The Court of Appeal for British Columbia unanimously upheld the criminal contempt conviction against Chief Dsta’hyl on Tuesday. He was found in breach of a court injunction when protesting against a pipeline project in the territories of the Wet’suwet’en First Nation.
At issue in the appeal is whether Chief Dsta’hyl can rely on a defence on the ground that he was acting in accordance with a coexisting Indigenous legal order. Chief Justice Leonard Merchand, writing for the three-judge panel, held that the court would recognize the defense if violating a court injunction is a last resort. As the defendant could have challenged the injunction, the court found that violating the injunction is not necessary to uphold the Wet’suwet’en law of trespass. In his concluding remark, Chief Justice Merchand wrote:
Indigenous law has been denied, supressed, and at times outlawed, for over a century in Canada. Canadian law has a role to play in undoing that harm and is learning to make space for Indigenous legal orders in various ways. But that work does not include allowing parties, Indigenous or non-Indigenous, to breach court orders.
In 2019, the court issued an injunction banning protests in the construction area of the Coastal GasLink pipeline project. Against the injunction, Chief Dsta’hyl organized a blockade as an attempt to stop the construction in 2021. At trial, he contended that the protests were necessary to uphold the traditional Wet’suwet’en law of trespass and fulfil his duties as a chief to preserve and protect their yintah. The trial judge rejected the proposed defense, holding that it was an impermissible collateral attack on the injunction.
When the trial judge found Chief Dsta’hyl guilty of contempt, Amnesty International declared him Canada’s first prisoner of conscience. The group contended that the 60 days of house arrest were an unjustified criminal penalty for his work to protect Indigenous rights, lands and the environment. In 2023, the group also published a report, accusing the Royal Canadian Mounted Police of conducting arbitrary arrests, harassment, intimidation and unlawful surveillance that were incompatible with the right to freedom of peaceful assembly.
Nationwide protests erupted in 2020 against the pipeline project. While Coastal Gaslink claimed that it had reached agreements with 20 elected First Nation councils, the Wet’suwet’en maintained that the Hereditary Chiefs who retained authority in the region had not agreed to the construction. According to Indigenous lawyers Kate Gunn and Bruce McIvor, the elected band councils only had the decision-making authority on reserve lands under the federal Indian Act.

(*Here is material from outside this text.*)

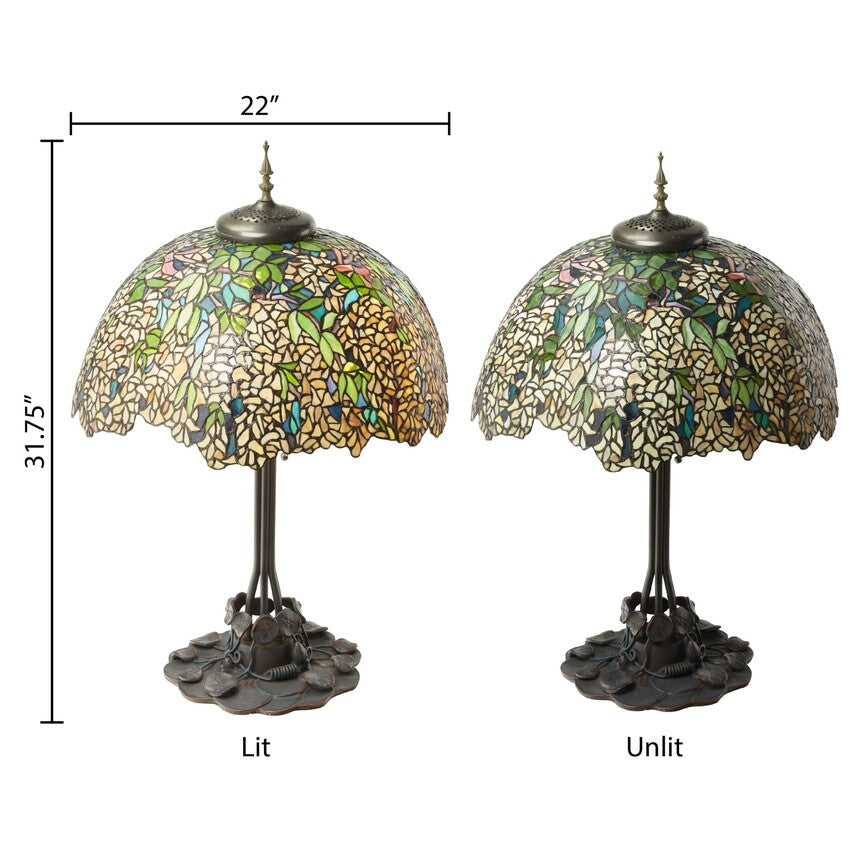 31.75"H Laburnum Antique Style Stained Glass Table Lamp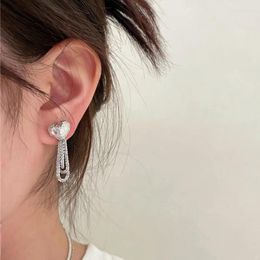 Dangle Earrings 2024 Arrival Sweet Pleated Silver Colour Love Tassel For Women Fashion Elegant Metal Jewellery Gifts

The project, also situated in the traditional unceded territories of the Wet’suwet’en beyond the reserve lands, was said to have violated the right to free, prior and informed consent of the Wet’suwet’en.
The province is witnessing an intensifying relationship between the First Nations and the government. In February, the government faced backlashes from the First Nations and civil groups for its attempts to amend an Indigenous rights legislation and appeal court rulings that affirm Indigenous rights.